Ladies’ Short Double-Breasted Coat or Jacket No. 4497
Ladies' Short Double-Breasted Coat or Jacket, to be worn Open or Closed, and to have the Sleeves in Fancy Outline or Straight-Around at the Wrist.
On page 600, and also at figure No. 194 T and on the first cover page illustrations of this coat are given.
The garment in the present instance is shown in two developments, Astrakhan cloth being employed in one case and velvet and fur in the other. The coat, which is quite short and closely adjusted at the back and sides, introduces the military shoulders and the dip effect in front.
The semi-fitted, double-breasted fronts shape a point at the lower edge and close with cord loops and olive buttons, but may be worn open, if liked: they are turned back at the top in wide levers. A flaring sectional collar is at the neck, and the close-fitting two-seam sleeve may be finished plainly or fancifully at the wrist.
Cloth, Cheviot, Melton in medium weight, vicuna, etc., are used for coats like this. A very handsome jacket might be of Persian lamb or seal-skin with facings of chinchilla fur. A lining of silk or satin is always added to coats of this description.

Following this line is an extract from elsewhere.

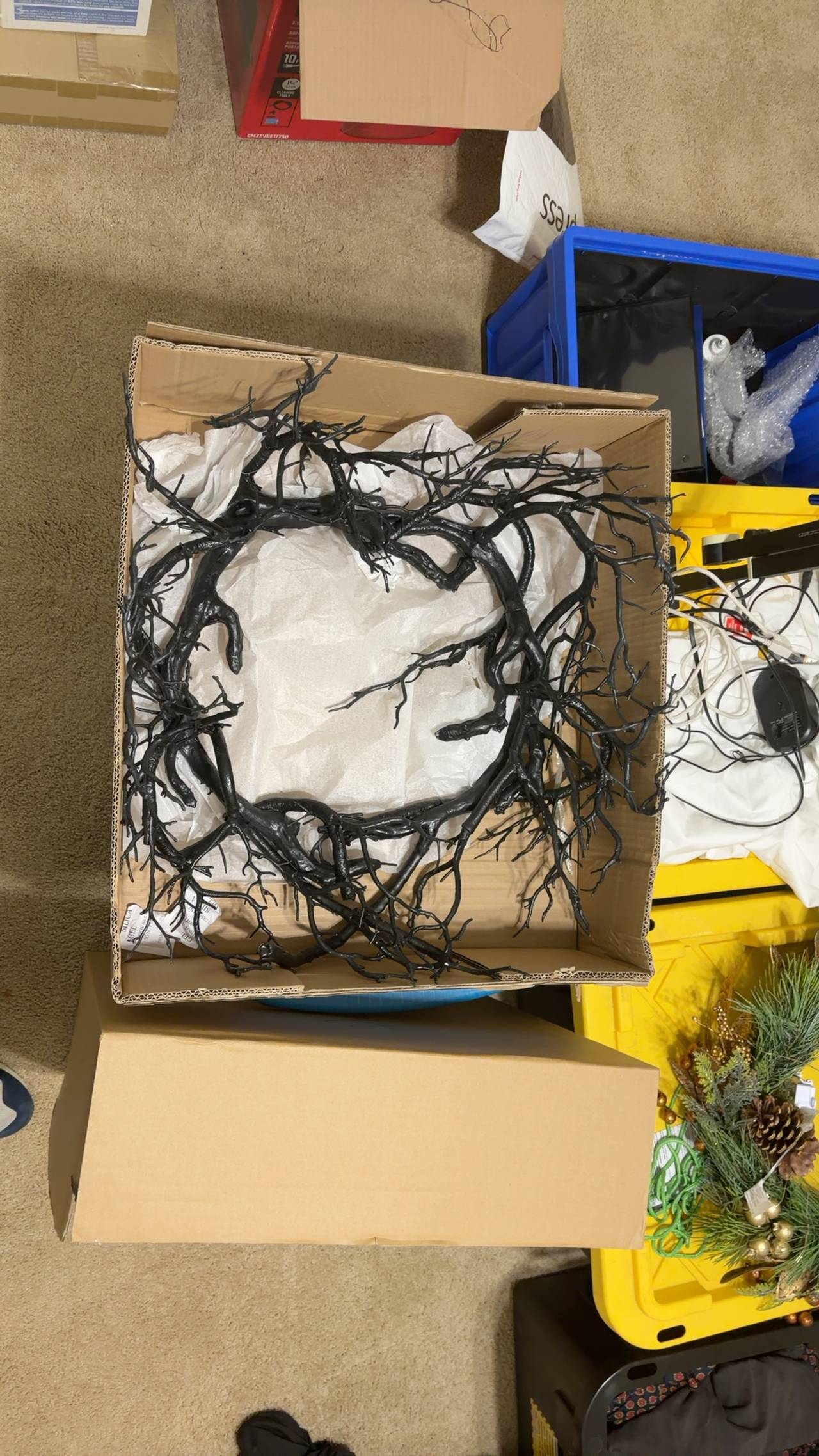 Black Twig Halloween Wreath Black Branch Garland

We have pattern No. 4497 in eight sizes for ladies from thirty to forty-four inches, bust measure. For a lady of medium size, the coat needs a yard and five-eighths of goods fifty-four inches wide. Price of pattern, 9d. or 20 cents.
Ladies’ Circular Skirt No. 4487
Ladies’ Circular Skirt, with Inverted Box-Plait at the Back; and having a Scalloped Circular Flounce Set On, from Beneath which the Skirt may be Cut Away. (To be made with the Conventional or Decided Dip at the Top, and in Short-Sweep' or Round Length.)
This skirt is illustrated on page 613, in figures Nos. 184 T and 208 T, and on the first cover page.
An applied circular, rippling flounce that shows a scalloped upper outline is an intriguing feature of the skirt, which is made of mode cloth, with a machine-stitched strapping of the material for the decorative finish.
The skirt is of circular shaping and is dart-fitted over the hips; it has the fashionable Marie Antoinette dip at the top that may be conventional or more pronounced, according to individual preference.
The mode may be in round or short-sweep length at the bottom wherein the medium sizes it measures about three yards and one-fourth, and the flounce about four yards and one-fourth.
The fullness at the back is laid in an inverted box-plait, and the skirt may end at the top of the flounce or extend beneath it.
Wide fabrics are recommended for reproducing the mode, and braid, machine-stitching or strappings of the material, silk or satin may be applied as a finish.
We have pattern No. 4487 in nine sizes for ladies from twenty to thirty-six inches waist, or thirty-seven to fifty-eight and one-half inches hip measure.
To make the skirt for a lady of twenty-four inches waist or forty-one inches hip, if it is to extend under the flounce, needs three yards and one-half of fabric fifty-eight inches wide, and if it is to be cut away from beneath the frill, three yards of material in the same width.
Price of pattern, Is. or 25 cents.
“Descriptions of Figures in Colors, Tints, Etc., Shown on First Page of Cover and Pages 571 to 591 Inclusive,” in The Delineator: An Illustrated Magazine of Literature and Fashion, Paris-London-New York-Toronto: The Butterick Publishing Co. Ltd., Vol. LXI, No. 5, November 1900, p. Front Cover, 591, 600, 606-607, 613, 616-617.
Editors Note: Some terminology used in the description of women's clothing during the 1800s and early 1900s has been changed to reflect more modern terms. For example, a women's "Toilette" -- a form of costume or outfit has an entirely different common meaning in the 21st century. Typical terms applied to "toilette" include outfit, ensemble, or costume, depending on context.
Note: We have edited this text to correct grammatical errors and improve word choice to clarify the article for today’s readers. Changes made are typically minor, and we often left passive text “as is.” Those who need to quote the article directly should verify any changes by reviewing the original material.